RECORDS FOR THIS TASK>
====================
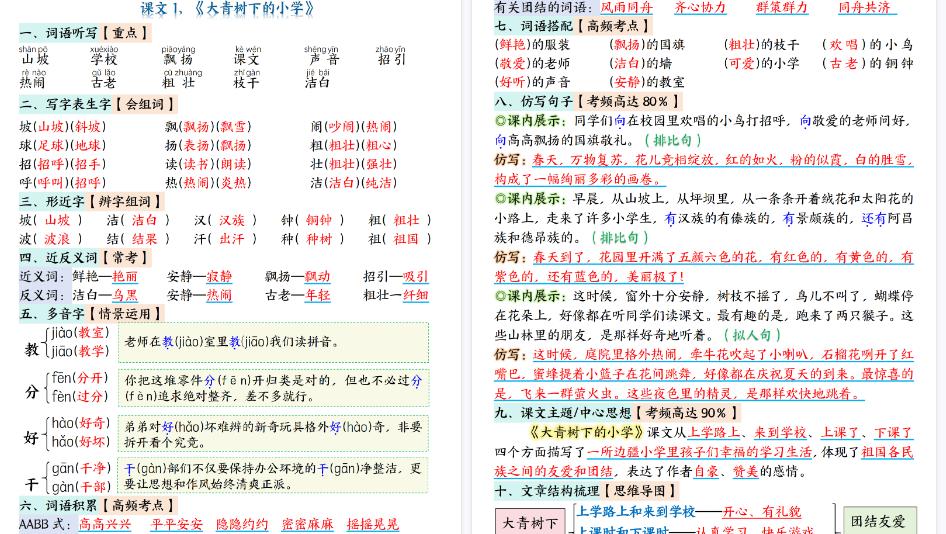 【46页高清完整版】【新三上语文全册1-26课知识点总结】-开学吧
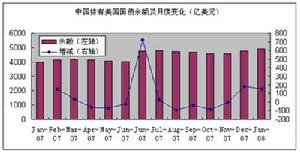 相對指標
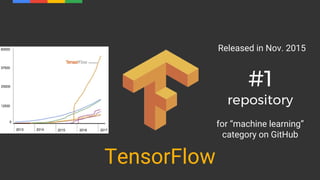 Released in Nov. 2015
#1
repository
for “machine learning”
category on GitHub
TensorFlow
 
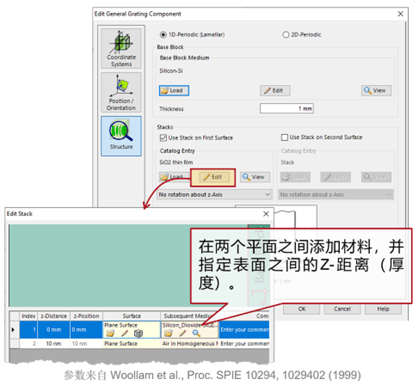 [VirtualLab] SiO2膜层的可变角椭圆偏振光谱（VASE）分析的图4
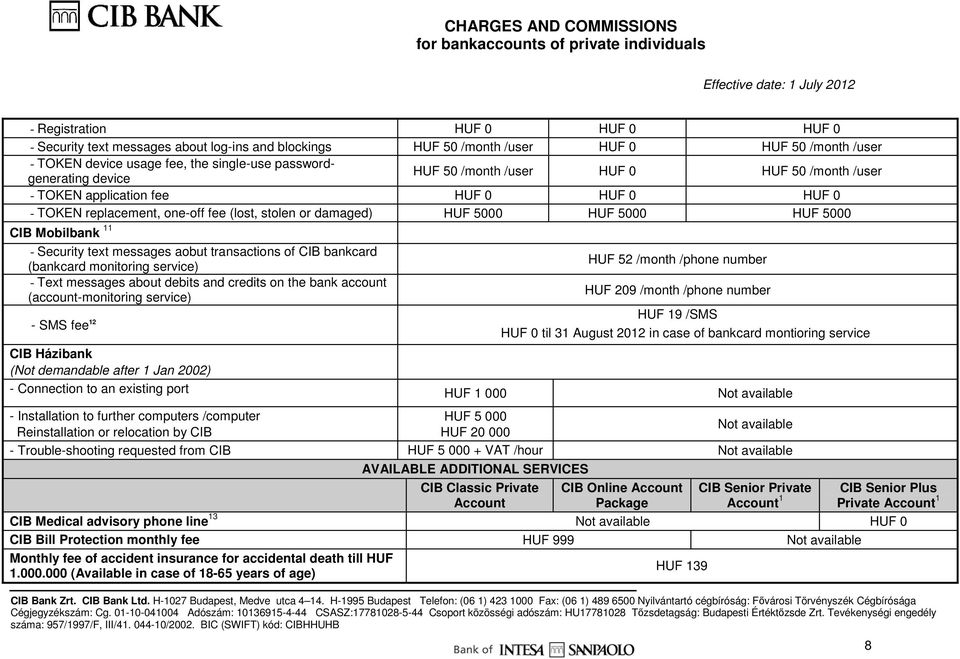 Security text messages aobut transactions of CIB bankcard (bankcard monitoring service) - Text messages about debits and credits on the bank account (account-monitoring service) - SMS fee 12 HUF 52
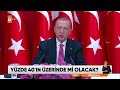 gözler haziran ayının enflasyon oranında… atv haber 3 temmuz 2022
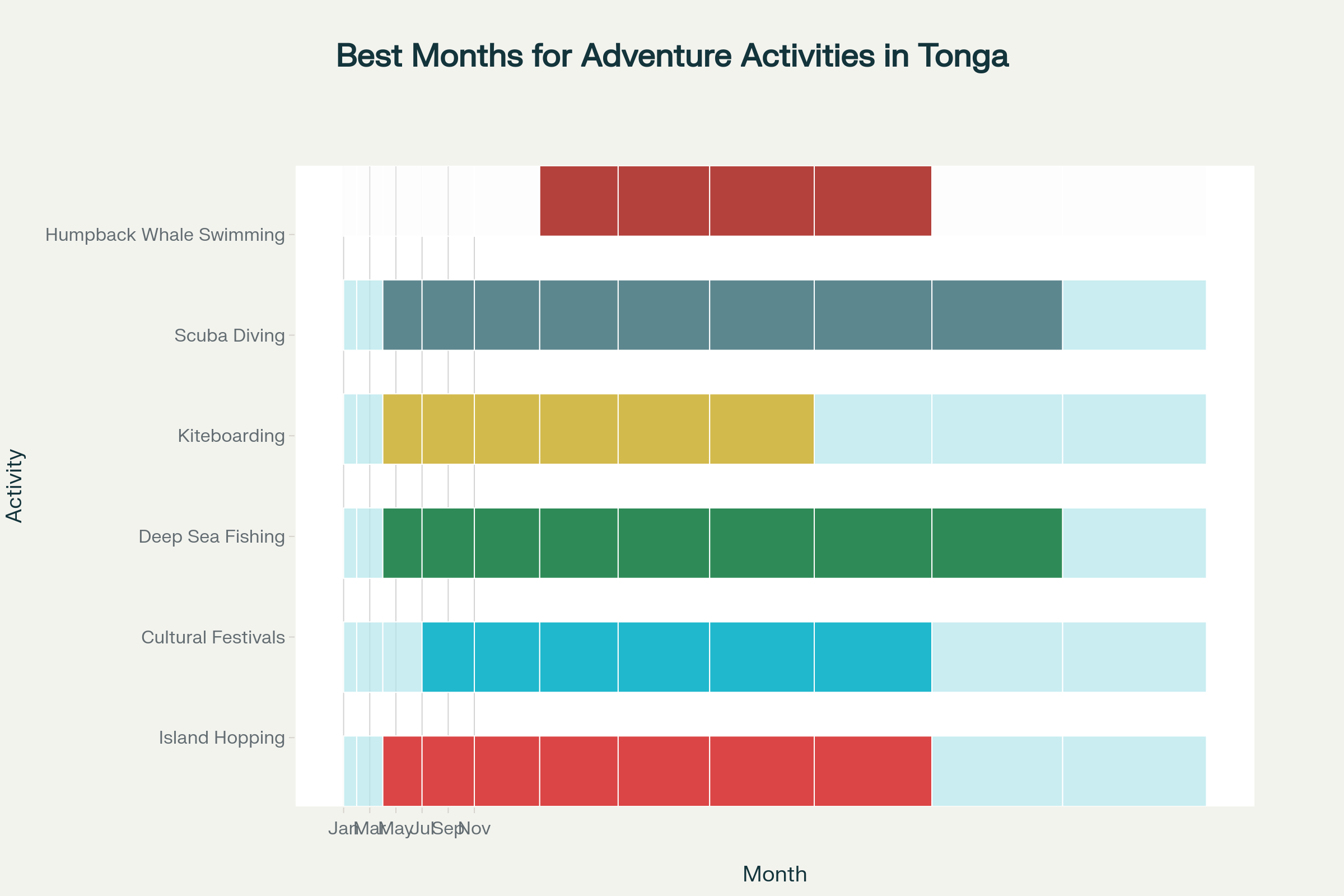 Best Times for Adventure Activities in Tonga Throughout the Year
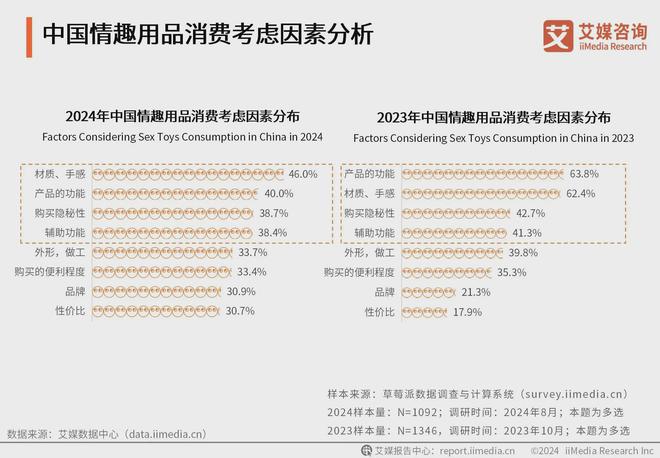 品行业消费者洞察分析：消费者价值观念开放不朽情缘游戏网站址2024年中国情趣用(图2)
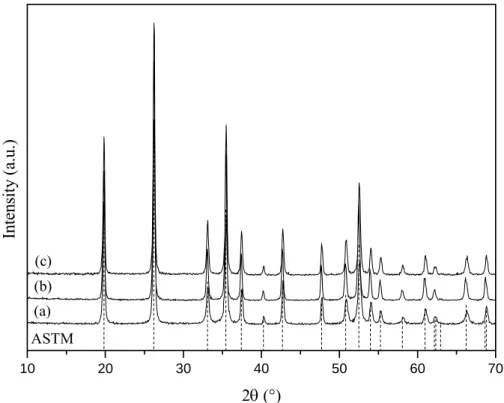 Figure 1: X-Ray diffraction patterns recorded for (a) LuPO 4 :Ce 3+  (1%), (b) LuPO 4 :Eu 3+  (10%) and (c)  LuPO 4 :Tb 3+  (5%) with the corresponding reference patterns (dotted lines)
====================
Without the pictures, transcribe the listing exactly as it stands.

SOLUTION FOR THIS PROBLEM>
 【46页高清完整版】【新三上语文全册1-26课知识点总结】-开学吧
 相對指標
 Released in Nov. 2015
#1
repository
for “machine learning”
category on GitHub
TensorFlow
 
 [VirtualLab] SiO2膜层的可变角椭圆偏振光谱（VASE）分析的图4
 Security text messages aobut transactions of CIB bankcard (bankcard monitoring service) - Text messages about debits and credits on the bank account (account-monitoring service) - SMS fee 12 HUF 52
 gözler haziran ayının enflasyon oranında… atv haber 3 temmuz 2022
 Best Times for Adventure Activities in Tonga Throughout the Year
 品行业消费者洞察分析：消费者价值观念开放不朽情缘游戏网站址2024年中国情趣用(图2)
 Figure 1: X-Ray diffraction patterns recorded for (a) LuPO 4 :Ce 3+  (1%), (b) LuPO 4 :Eu 3+  (10%) and (c)  LuPO 4 :Tb 3+  (5%) with the corresponding reference patterns (dotted lines)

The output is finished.